Segundo a revista de entretenimento norte-americana The Hollywood Reporter, o auto descreve que o adereço era “um de três guardados num carrinho de adereços fora de um dos edifícios” usados pela produção. Halls pegou numa das armas, entrou no edifício e entregou-a Baldwin. Segundo uma declaração, de seguida o assistente de realização gritou “cold gun”, em português “arma fria” (expressão usada na indústria do cinema para indicar que uma arma só tem um “blank” – bala modificada usada nas filmagens). O documento judicial, obtido pela AFP, diz que Halls não sabia que a arma estava carregada. Por esse engano, em vez de disparar pólvora seca, Baldwin desferiu um tiro fatal que atingiu a diretora de fotografia no peito. A mesma munição feriu no ombro o realizador Joel Souza que já está livre de perigo.
Após o trágico incidente, a produção do filme interrompeu imediatamente as filmagens e a polícia “recolheu para investigação a roupa usada por Alec Baldwin, que teria vestígios de sangue, assim como armas, documentação, munições e câmaras de filmar”. O propósito é entender como e o porquê da arma usada pelo ator estar carregada e se, o acontecimento foi gravado. 

A investigação e o descontentamento da equipa de produção “Esta investigação permanece aberta e ativa”, disse Juan Rios, porta-voz do gabinete do Xerife do Condado de Santa Fé, referindo que não foi feita nenhuma acusação a Baldwin relacionada com este incidente. “As testemunhas continuam a ser entrevistadas pelos detetives”, informou.
Em declarações à agência de notícias AFP, Rios adiantou que Alec Baldwin tem falado e colaborado voluntariamente com os agentes da polícia que estão a investigar o caso. Por ironia, nos últimos anos Baldwin foi uma das vozes que publicamente se opôs ao negócio das armas nos EUA. 

Na rodagem do filme, esta estava mesmo a ser uma preocupação interna, com receios de insegurança, mas a tragédia não foi evitada e a produção já veio dizer que as queixas não lhe chegaram. Sabe-se que a arma usada e outras duas presentes na produção do filme, foram fornecidas pela armeira, Hannah Gutiérrez-Reed, de 24 anos, filha de Thell Reed, conhecido armeiro da indústria cinematográfica. Em setembro, numa entrevista em podcast, a jovem Gutiérrez-Reed já havia demonstrado insegurança na responsabilidade desse papel, demonstrando uma certa inquietação por assumir o papel de armeira principal pela primeira vez no filme anterior em que trabalhou, The Old Way.

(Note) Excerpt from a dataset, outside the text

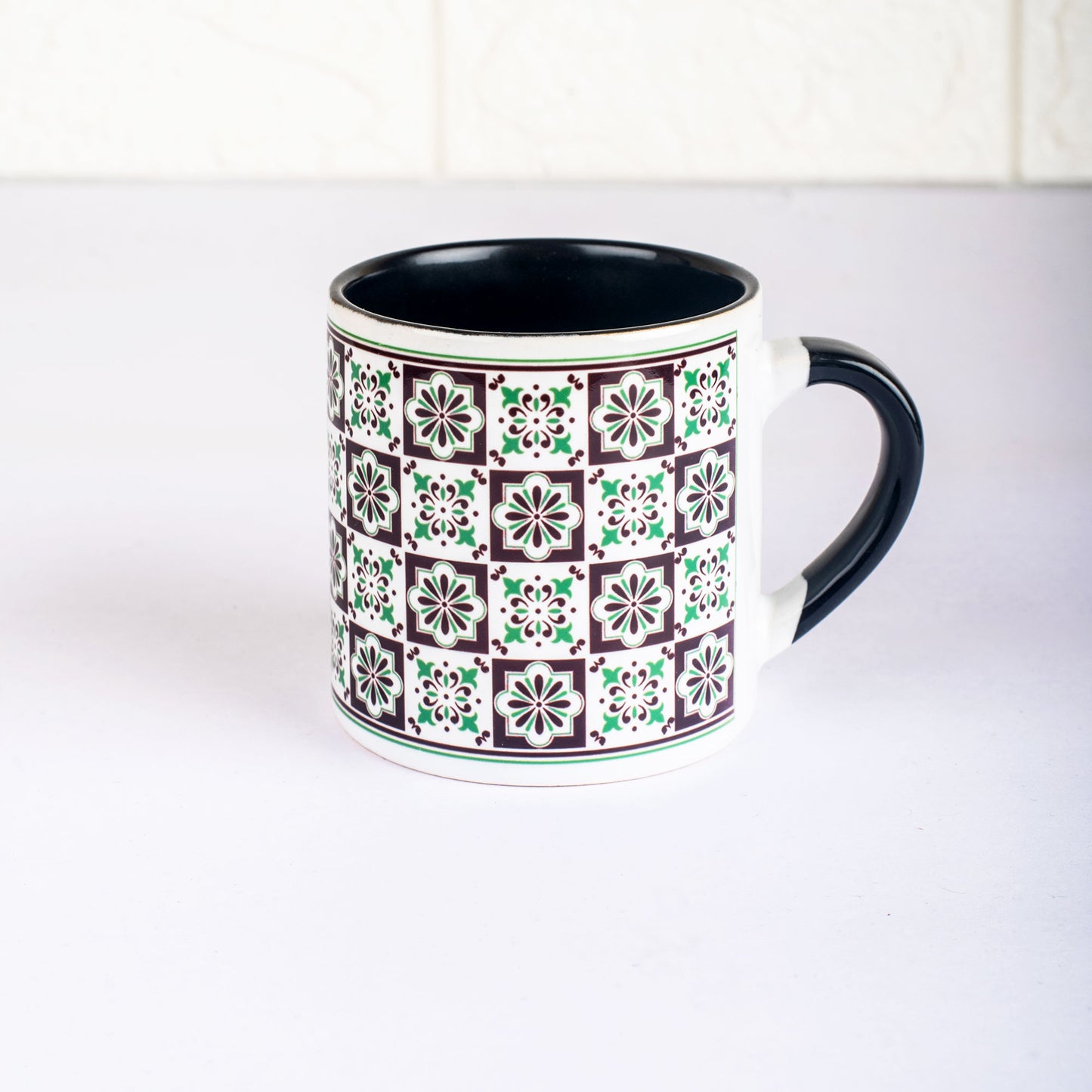 Vintage Tile Pattern Ceramic Tea cups - Set of 4 - Black and Green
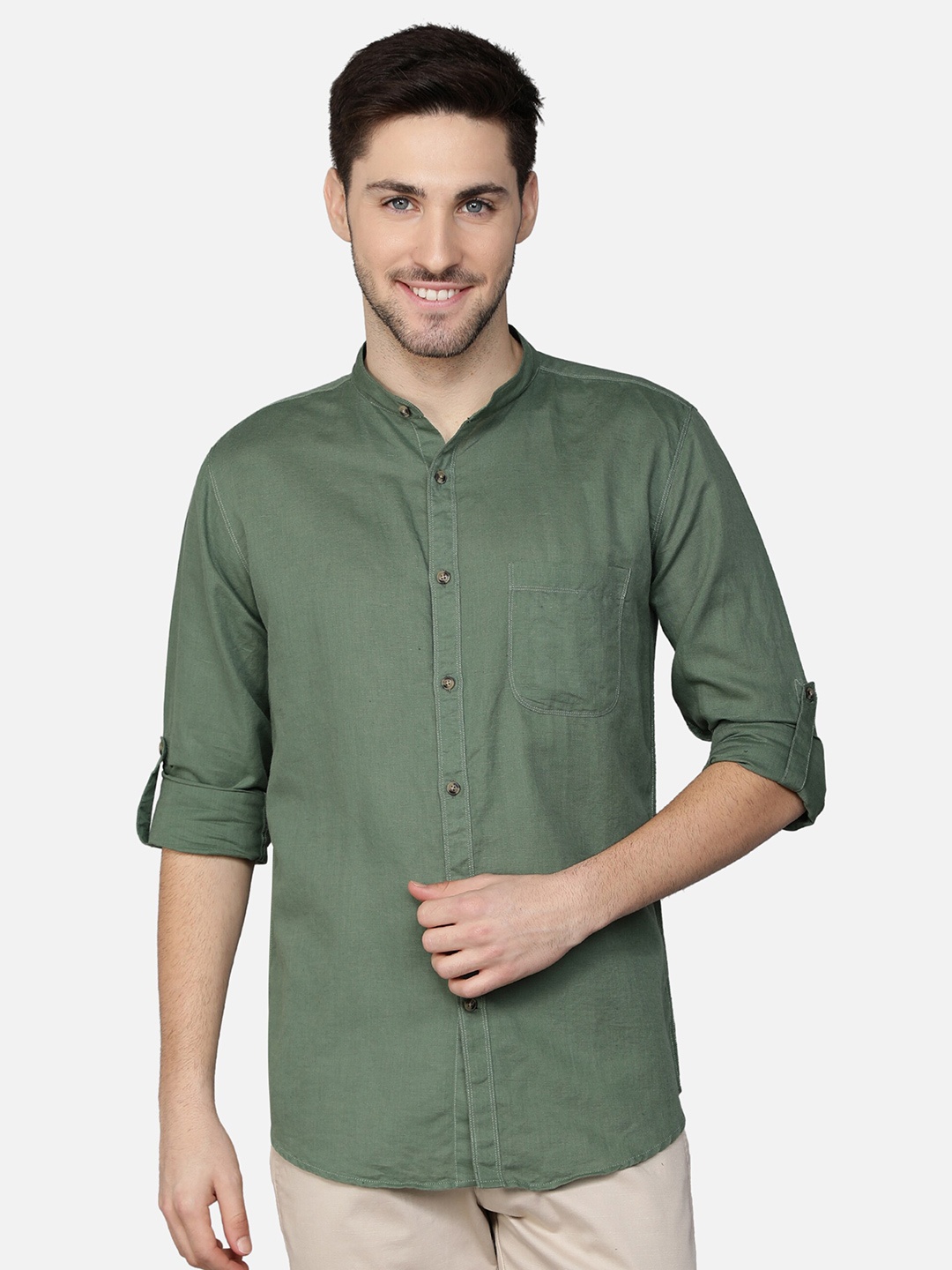 

Callino London Men Green Standard Slim Fit Semiformal Shirt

De acordo com o Los Angeles Times, citando fontes anónimas, houve, pelo menos, três falhas com a pistola cenográfica antes do acidente mortal, tendo havido ainda protestos realizados por membros da equipa que reivindicavam melhores condições de trabalho. No dia em que a diretora de fotografia morreu, seis técnicos tinham inclusive abandonado o local, alegando “falta de segurança no trabalho”. O jornal norte-americano noticiou que “pelo menos um operador de câmara havia enviado uma mensagem a um diretor de produção, dizendo”: “Já ocorreram três disparos acidentais. Isto é super inseguro”, alertou. 

Fontes do Rust também disseram ao LA Times que protocolos de segurança vitais, incluindo “inspeções regulares de armas”, não foram estritamente seguidos, e pelo menos um operador de câmara que trabalhava ao lado de Hutchins alegou que houveram  “dois disparos acidentais de arma de hélice no set dias antes”: “Devia ter havido uma investigação sobre o que aconteceu”, disse um membro da equipa ao jornal. “Não houve reuniões de segurança. Não havia garantia de que isso não aconteceria novamente. Tudo o que eles queriam fazer era correr, correr, correr”, explicou. Porém, a falta de segurança no manuseamento de armas de fogo era apenas uma preocupação no meio de várias: horas longas de viagem para um local de rodagem isolado, os horários de trabalho mais extensos do que previamente acordado e atrasos no pagamento.

A Rust Movie Productions declarou num comunicado que não tinha conhecimento de nenhuma “queixa oficial”, mas que “continuaria a cooperar com as autoridades de Santa Fé”. A produtora adiantou ainda que está a realizar uma investigação interna.

A suspensão do filme e o afastamento de Baldwin Um porta-voz da produção do filme Rust, em comunicado citado pelo The Hollywood Reporter, afirmou que “todo o elenco e equipa ficaram devastados com a tragédia”, endereçando as mais sentidas condolências à família de Halyna Hutchins. “Suspendemos a produção do filme por um período indeterminado e estamos a colaborar totalmente com a investigação do Departamento de Polícia de Santa Fé”, refere a mensagem, indicando ainda que vai ser prestado apoio a todos os envolvidos no filme.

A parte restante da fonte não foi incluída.